In einem Gespräch teile ich meine Beobachtungen mit Hauptdarsteller Pablo Caprez und bekomme im Gegenzug dazu seine Anekdoten zu Schauspiel und persönlichen Herausforderungen.
Um meiner Faszination des Filmes gerecht zu werden, muss ich ein wenig ausholen. Wenn man Kino mit Sinneswahrnehmung in Verbindung bringen will, denkt man in erster Linie an das Sehen. Viele frühe filmtheoretische Ansätze haben ihre Theorien um das Sehen und das Sinnesorgan des Auges herum entwickelt (Arnheim, Bazin u. v. m.). Auch die modernen Theorien der 60er bis 80er Jahre privilegierten das Sehen als dominante Sinneswahrnehmung beim Schauen von Filmen. Von Baudrys Apparatustheorie über feministische Ansätze des «male gaze» und Voyeurismus bis hin zu neoformalistischen narrativen Theorien, findet sich das Auge im Mittelpunkt der Ansätze wieder. Daraus entwickelte sich ein bis heute dominantes okularzentrisches Paradigma. Ohne das Sehen funktionieren die medienspezifischen technischen Parameter des Filmes auch gar nicht. Licht einzufangen, zu speichern und wiederzugeben, wäre sinnlos, wenn wir dieses Licht nicht optisch wahrnehmen können. Das Sehen und das Auge als menschliches Sinn- und Aufnahmeorgan sind unabdingbar für die gesamte Rezeption des filmischen Mediums. Auch hängen Handlung und Persönlichkeit des Gezeigten im Kino unbestritten mit Blickstrukturen und Blickregimen zusammen. Die Zuschauerschaft blickt. Die Figuren der Diegese blicken sich gegenseitig, aber auch die Zuschauerschaft an. Die Zentralität des Augensinns in der Film- und Kinotheorie ist also auch zu einem gewissen Grad gerechtfertigt. Dennoch ist die Wahrnehmung von Film und Kino weitaus diverser und komplexer gestaltet, als dass man das «Filmesehen» nur mit dem «Schauen» auflösen könnte. Andere Wahrnehmungsformen werden seit jüngerer Zeit durch diverse theoretische Ansätze in den Fokus gerückt. Unter diesen Ansätzen finden sich Namen wie Vivian Sobchack, Hamid Nafici u. a.
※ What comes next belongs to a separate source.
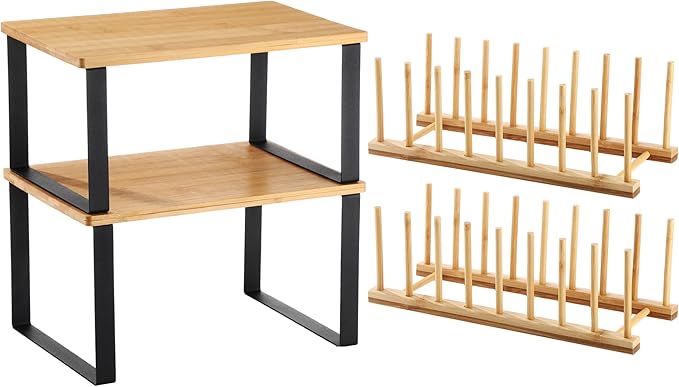 Marsui 4 Pcs Kitchen Organizer Accessories Set for Cabinet,Light Color | Cabinet Organizer Shelves, Bamboo Dish Drying Plate Rack, Wooden Counter Storage Holder, for Spice Dish Pot Lid Bowl Cup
Und so habe ich den Film in Erinnerung. So lebendig, so nah, spür- und greifbar wie Rio de Janeiro gerade ist. Mit all seinen Gerüchen und Geräuschen. Seinen Oberflächen und deren Beschaffenheit. Nur dass ich mich im Gegensatz dazu nicht im filmischen Geschehen befand.
Hier sind es nicht nur die visuell abgebildeten Schicksalsschläge (Handlung, Narration) und emotionalen Herausforderungen (Entscheidung, Psychoanalyse), welche die Protagonist:innen erfahren, die Mitgefühl und Verständnis der Zuschauerschaf hervorrufen. Es ist die Inklusion unserer Körper in diese Handlungen mithilfe gezielter Stilelemente, die nicht nur unsere visuelle Sinneswahrnehmung herausfordern.
Eines dieser subjektivierenden ästhetischen Stilmittel in einigen Sequenzen ist Kimotos inkludierende Handkamera, welche uns als stille Zuschauerschaft das Gefühl vermittelt, am Geschehen selbst teilhaben zu können.
Wir blicken nicht von aussen auf die Szene, wie bei gänzlich stabilisierten Kamerafahrten auf Schienen, sondern lassen unseren Blick, begleitet durch rhythmische Bewegungen, in das Geschehen eintauchen. Dabei legt die Kamera insbesondere auch Wert auf Nahaufnahmen von Körperteilen und Umwelt. Die Nähe ermöglicht uns, Beschaffenheiten wahrzunehmen und uns anhand dieser eine räumliche Vorstellung der gezeigten Situation zu machen.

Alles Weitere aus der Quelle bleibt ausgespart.